> **Task to carry out**:
For the records below, output word for word the lines from the one with "water splashing from" up to and including the one with "a kitchen with". No pictures.

> **Source material**:
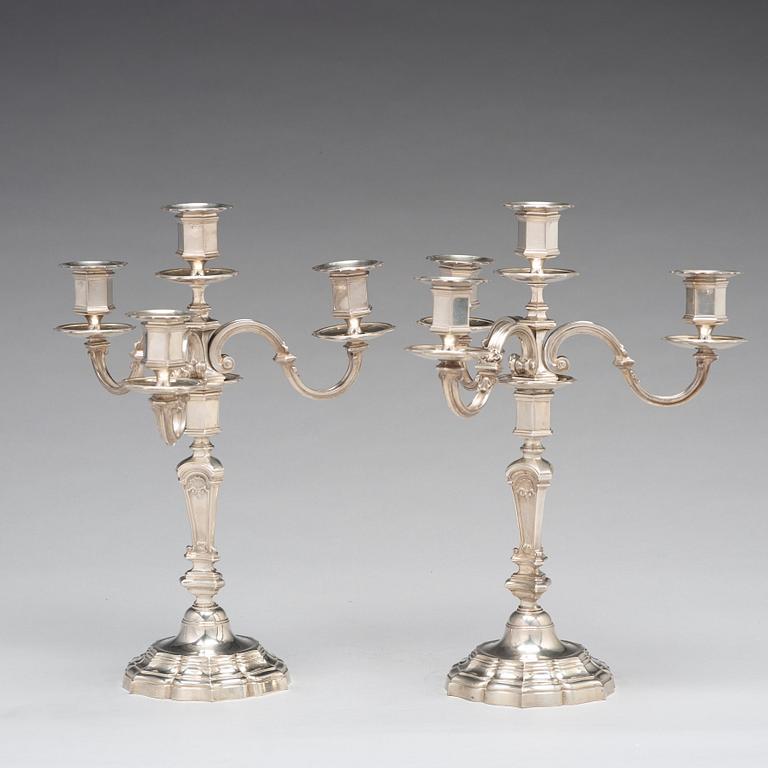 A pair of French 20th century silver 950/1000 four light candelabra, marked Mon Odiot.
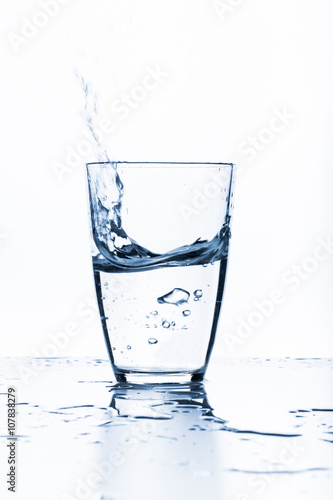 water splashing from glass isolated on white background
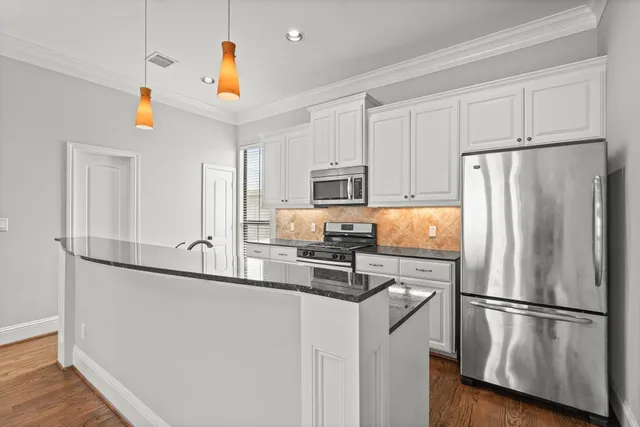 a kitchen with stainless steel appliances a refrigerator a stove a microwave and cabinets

* * *

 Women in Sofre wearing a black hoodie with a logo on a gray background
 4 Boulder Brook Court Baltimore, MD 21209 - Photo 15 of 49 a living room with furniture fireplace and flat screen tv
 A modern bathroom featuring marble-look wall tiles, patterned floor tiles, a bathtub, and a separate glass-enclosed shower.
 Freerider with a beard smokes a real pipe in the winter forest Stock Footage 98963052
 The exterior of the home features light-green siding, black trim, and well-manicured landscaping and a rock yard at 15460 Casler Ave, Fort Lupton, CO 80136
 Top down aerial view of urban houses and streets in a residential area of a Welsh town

> **Response to this exercise**:
 water splashing from glass isolated on white background
 a kitchen with stainless steel appliances a refrigerator a stove a microwave and cabinets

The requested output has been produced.